Outputs: Prediction of performance criteria and/or generative extrapolation of geometric and/or process and material parameters. In general, this is, where the pretrained models will be queried.
Software requirements¶
Software Component |
Description/Role |
Required Version/Configuration |
Dependencies |
---|---|---|---|
FeatFlower |
Simulation Worker Code. |
Up-to-date checkout. |
ParMetis |
Lifecycle¶
The AIMDG lifecycle is characterised by the lifecycle of configuration, synthetic dataset, and readily trained model.
Objects¶
User: Represents the User interacting with the application.
Frontend: Represents the user interface and the presentation layer.
Backend: Represents the application logic and the server layer. 4.s Database/Files: Represents the data or file storage layer.
Implementation Viewpoint¶
Description of implementation Component:¶
MDG provides support for the integrations of AIDEAS AI-based solutions to generate a Machine synthetic data.
Technical Description of its Components:¶
Dependencies: Development Language:
Python
Libraries: Py Torch, OpenCV, Scikit
Container: Docker
Database need: MongoDB, Postgres
Interfaces:
User Interface: Yes, REACT
Synchronous/Asynchronous Interface: RESTful APIs
Network/Protocols: HTTP/HTTPS
Data Repository: MongoDB
Requires:
Other AIDEAS Solutions: none
Solution architecture¶
The architecture for the machine synthetic data generator encompasses several components and technologies. The backend development will primarily utilize Python, a widely used language in AI and machine learning, renowned for its extensive libraries and frameworks. PyTorch, an open-source AI framework, will be employed for constructing and training deep learning models. Additionally, scikit-learn, a powerful library, will provide tools for data preprocessing, sampling, and model training, offering a diverse set of machine learning algorithms.
To facilitate data analysis and processing, Pandas will be employed, enabling efficient manipulation and analysis of data. Simulation will be enabled through the utilization of digital twin technology, potentially integrating with simulation software such as ANSYS, COSMOL, or OpenFOAM depending on the specific use case.
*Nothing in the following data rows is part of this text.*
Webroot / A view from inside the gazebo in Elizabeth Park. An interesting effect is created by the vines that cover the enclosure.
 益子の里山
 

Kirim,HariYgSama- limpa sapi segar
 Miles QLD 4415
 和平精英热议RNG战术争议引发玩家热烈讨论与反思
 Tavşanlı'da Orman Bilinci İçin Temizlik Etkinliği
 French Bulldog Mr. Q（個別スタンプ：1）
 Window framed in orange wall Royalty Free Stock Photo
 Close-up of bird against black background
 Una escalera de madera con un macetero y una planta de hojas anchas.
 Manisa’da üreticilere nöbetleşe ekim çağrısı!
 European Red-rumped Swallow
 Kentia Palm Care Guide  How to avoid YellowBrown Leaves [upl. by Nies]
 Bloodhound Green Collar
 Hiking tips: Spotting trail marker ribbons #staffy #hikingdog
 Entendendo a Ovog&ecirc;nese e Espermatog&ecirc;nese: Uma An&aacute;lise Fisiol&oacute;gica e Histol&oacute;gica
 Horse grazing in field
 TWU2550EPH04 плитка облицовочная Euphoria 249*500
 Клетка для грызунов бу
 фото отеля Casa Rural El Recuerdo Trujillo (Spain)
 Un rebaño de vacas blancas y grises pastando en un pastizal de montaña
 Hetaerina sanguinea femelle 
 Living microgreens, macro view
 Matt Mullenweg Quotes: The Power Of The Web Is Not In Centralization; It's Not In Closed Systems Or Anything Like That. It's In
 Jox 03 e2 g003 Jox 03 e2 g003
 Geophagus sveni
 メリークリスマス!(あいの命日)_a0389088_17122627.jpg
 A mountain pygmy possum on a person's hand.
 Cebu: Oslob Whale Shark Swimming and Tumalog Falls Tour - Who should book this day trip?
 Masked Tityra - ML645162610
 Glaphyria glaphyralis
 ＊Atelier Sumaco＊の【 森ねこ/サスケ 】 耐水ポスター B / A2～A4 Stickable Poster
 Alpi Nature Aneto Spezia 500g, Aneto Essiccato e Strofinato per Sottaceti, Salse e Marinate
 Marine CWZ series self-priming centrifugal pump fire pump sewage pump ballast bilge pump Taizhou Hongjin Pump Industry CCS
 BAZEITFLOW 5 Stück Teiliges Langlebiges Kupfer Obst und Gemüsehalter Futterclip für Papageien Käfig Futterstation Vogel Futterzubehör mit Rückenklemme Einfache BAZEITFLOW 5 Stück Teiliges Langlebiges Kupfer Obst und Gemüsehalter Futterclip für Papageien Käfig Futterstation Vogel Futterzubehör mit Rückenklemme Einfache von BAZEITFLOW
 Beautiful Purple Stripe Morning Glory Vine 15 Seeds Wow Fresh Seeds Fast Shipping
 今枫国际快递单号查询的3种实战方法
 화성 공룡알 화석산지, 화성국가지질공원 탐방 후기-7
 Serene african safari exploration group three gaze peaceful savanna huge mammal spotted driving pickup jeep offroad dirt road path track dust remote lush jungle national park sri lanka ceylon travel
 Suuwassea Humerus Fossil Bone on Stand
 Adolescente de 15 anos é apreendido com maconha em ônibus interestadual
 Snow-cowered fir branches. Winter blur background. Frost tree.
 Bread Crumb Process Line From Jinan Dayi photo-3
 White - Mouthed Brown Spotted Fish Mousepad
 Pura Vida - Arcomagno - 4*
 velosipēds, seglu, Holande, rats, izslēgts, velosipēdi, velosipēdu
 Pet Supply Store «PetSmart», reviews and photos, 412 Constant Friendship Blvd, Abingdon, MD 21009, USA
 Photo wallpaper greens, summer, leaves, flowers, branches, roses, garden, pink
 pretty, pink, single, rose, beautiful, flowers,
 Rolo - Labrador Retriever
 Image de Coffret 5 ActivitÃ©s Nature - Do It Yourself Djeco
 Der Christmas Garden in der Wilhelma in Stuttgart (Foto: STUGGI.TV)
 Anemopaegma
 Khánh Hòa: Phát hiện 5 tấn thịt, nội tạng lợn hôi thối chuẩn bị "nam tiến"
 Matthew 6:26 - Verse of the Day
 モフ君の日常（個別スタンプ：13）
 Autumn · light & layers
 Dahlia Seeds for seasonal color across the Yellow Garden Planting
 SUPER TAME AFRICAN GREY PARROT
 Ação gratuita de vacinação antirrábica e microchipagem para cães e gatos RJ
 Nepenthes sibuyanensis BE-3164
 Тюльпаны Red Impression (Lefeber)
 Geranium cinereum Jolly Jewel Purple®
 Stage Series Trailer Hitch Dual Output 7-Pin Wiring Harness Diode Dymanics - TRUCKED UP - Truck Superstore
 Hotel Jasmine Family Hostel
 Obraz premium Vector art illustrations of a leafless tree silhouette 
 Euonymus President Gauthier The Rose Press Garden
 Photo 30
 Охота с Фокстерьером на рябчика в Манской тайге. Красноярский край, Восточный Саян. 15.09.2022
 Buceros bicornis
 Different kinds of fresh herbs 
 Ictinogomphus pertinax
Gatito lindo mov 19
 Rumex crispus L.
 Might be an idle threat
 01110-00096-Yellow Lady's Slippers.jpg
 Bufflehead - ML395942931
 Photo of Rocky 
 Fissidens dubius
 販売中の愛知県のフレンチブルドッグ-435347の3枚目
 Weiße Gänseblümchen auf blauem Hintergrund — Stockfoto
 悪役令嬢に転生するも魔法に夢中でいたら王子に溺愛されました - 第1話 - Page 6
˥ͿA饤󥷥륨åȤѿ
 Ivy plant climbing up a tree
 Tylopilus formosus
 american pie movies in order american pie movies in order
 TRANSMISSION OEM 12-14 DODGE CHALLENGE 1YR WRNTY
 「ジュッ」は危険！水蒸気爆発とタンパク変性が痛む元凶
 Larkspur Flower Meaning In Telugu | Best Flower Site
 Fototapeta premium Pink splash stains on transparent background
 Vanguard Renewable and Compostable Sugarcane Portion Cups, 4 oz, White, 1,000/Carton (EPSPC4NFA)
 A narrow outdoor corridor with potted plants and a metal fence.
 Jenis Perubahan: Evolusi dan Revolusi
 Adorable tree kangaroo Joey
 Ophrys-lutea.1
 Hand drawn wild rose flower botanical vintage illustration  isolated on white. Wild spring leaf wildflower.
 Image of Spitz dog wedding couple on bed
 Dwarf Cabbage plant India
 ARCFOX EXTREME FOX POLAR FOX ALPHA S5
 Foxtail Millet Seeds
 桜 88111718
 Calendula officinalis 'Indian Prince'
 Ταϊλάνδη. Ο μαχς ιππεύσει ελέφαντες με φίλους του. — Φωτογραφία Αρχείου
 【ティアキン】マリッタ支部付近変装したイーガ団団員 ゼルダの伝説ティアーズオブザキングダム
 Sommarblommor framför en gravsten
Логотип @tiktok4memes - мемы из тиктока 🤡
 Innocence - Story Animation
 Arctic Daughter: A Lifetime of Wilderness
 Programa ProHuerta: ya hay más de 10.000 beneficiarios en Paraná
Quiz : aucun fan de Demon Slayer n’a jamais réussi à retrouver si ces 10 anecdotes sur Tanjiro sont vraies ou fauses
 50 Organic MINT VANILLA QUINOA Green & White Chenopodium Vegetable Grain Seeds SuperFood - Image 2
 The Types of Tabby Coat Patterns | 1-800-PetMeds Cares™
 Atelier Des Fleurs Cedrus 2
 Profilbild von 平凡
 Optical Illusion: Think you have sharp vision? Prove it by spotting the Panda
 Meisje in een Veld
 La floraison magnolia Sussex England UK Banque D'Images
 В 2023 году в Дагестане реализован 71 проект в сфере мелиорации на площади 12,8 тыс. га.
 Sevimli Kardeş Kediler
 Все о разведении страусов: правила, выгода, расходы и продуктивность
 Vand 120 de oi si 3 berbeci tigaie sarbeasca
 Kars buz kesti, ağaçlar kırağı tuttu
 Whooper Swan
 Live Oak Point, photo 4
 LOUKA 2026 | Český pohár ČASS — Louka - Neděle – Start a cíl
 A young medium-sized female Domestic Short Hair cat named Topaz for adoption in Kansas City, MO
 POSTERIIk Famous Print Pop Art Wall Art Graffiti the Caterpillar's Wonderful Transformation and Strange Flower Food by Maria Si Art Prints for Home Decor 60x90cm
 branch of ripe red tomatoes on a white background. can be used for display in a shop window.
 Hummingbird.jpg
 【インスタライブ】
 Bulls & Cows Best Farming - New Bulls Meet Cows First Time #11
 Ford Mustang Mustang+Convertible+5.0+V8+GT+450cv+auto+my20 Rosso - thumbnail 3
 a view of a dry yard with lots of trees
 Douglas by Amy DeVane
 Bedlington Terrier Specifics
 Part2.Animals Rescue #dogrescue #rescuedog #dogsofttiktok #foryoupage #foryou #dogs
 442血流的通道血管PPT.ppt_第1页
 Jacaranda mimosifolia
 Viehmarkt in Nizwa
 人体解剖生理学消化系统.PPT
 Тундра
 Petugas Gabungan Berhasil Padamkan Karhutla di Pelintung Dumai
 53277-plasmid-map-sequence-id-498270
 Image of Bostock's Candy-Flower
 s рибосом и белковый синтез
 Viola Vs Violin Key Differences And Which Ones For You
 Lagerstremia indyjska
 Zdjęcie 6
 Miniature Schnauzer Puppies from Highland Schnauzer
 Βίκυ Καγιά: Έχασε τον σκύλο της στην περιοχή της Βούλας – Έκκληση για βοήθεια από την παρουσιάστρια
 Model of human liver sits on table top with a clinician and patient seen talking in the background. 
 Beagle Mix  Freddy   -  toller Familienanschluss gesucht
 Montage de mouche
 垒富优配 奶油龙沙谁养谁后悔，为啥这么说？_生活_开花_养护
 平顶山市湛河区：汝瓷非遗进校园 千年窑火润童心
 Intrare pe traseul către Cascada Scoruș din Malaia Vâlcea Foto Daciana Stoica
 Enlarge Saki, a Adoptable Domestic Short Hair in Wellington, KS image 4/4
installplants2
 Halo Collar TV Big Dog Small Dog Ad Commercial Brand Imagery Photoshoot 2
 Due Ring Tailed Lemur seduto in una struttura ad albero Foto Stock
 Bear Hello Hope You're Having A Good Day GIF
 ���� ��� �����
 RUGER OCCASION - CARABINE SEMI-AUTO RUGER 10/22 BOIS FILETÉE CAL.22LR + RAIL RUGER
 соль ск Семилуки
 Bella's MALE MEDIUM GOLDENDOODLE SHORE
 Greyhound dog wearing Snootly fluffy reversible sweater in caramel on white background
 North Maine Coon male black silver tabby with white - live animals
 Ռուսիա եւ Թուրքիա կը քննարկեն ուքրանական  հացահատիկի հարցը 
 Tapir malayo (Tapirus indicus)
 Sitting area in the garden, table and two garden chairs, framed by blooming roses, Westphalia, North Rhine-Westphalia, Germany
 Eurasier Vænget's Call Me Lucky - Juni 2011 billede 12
In terms of data management, structured databases like MySQL or non-structured databases like MongoDB will be employed to ensure efficient storage and retrieval of data. Lastly, for monitoring and visualization purposes, Grafana can be utilized to provide real-time monitoring and visualization of the generated data. Overall, this architecture encompasses a range of technologies and tools to ensure the effective generation, analysis, simulation, and management of synthetic data for machines.